5. Cleveland Gary. Eleven not-so-funny things happened on the way to a 1,000-yard season. Sadder still was the sight of Gary, post-benching, getting in his few carries a game and wrapping both arms around the football as if it was filled with plutonium. Come back next year, Cleveland, all is forgiven.
6. Bert Blyleven. You had a feeling it was a coming. At 39, he wasn’t going to toss up another 17-5. But 8-7, 5.24 earned-run average and no starts after Aug. 10 because of a bum shoulder? Anyone ever win Comeback of the Year twice in three years?
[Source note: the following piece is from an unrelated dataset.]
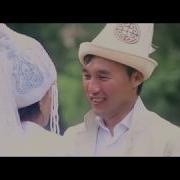 Анапия Райымбекова Кыз Узатуу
7. Devon White. Do we even have to get into it?
8. The Angels. Thirty years of pennant-less baseball and proud of it. They went from 91 victories to 80, were non-factors from May on, and the best thing they did all season was extend Doug Rader’s contract through 1992. Originally, the Angels offered one year but Rader held out for two. It’s his life.
9. Fullerton football. This was supposed to be a rebuilding season, but no one ordered a wrecking ball. The Titans got lost somewhere on the way to Mississippi State--their trip to Starkville was a 17-hour nightmare of cancelled flights and missed connections--and they never made it back. Trivia note: The only opponent Fullerton beat was Division II Sonoma State, 38-24, in the opener. Not-so-trivial note: The Titans were ranked No. 105 going into their season finale against No. 106 New Mexico State. There is no No. 107. Fullerton lost, 43-9.
10. Irvine basketball. In the post-season review handed out by the Irvine sports information department, it reads: “UCI endured a 5-23 season, the worst record in the 25-year history of the program, but did win three of its last six games to finish the year on a fairly upbeat note.” It’s those first 22 games that kill you.
11. Georgia Frontiere/John Shaw. Their fiscal policy finally crippled their team. Too many unhappy players holding out of training camp. Too many useful Plan B free agents going to teams willing to pay for them. The No. 20 payroll in a 28-team league. And Robinson is to blame for 5-10?
12. John Robinson. He didn’t help, either. His choice of veteran tailbacks--Warner over Bell--eventually left him with no experienced hand when Gary’s began to quiver. His retooled defense never should have made it out of the shed. He played it too safe against Cincinnati--settling for a field goal near the end of regulation, punting on fourth and inches in overtime--when a victory might have turned around the season. He’s a good coach who didn’t deserve last month’s round of Job Jeopardy, but this is one year to leave off the resume.
13. Mike Port. Waited too long to trade for a hitter. Waited too long to trade for Winfield. Waited too long to trade away White. By year’s end, another wait was over--he had a new boss, CEO Richard Brown.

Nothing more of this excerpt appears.